Task objective: An acceptable answer repeats exactly the line with "Nowoczesna toaleta podwieszana" and each line after it through the end of the entries, and includes nothing else.

:: Task inputs ::

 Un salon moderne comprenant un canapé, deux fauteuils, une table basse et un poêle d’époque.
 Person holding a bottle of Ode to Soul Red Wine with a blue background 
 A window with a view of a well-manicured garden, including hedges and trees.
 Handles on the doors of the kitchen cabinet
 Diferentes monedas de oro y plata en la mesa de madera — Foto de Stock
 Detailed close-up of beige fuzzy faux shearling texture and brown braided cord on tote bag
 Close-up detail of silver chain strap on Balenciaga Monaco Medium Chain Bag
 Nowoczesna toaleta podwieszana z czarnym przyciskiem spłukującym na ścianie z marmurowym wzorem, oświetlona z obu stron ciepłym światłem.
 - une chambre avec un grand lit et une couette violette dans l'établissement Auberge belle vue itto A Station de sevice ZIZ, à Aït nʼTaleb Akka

:::

Result of this exercise:
 Nowoczesna toaleta podwieszana z czarnym przyciskiem spłukującym na ścianie z marmurowym wzorem, oświetlona z obu stron ciepłym światłem.
 - une chambre avec un grand lit et une couette violette dans l'établissement Auberge belle vue itto A Station de sevice ZIZ, à Aït nʼTaleb Akka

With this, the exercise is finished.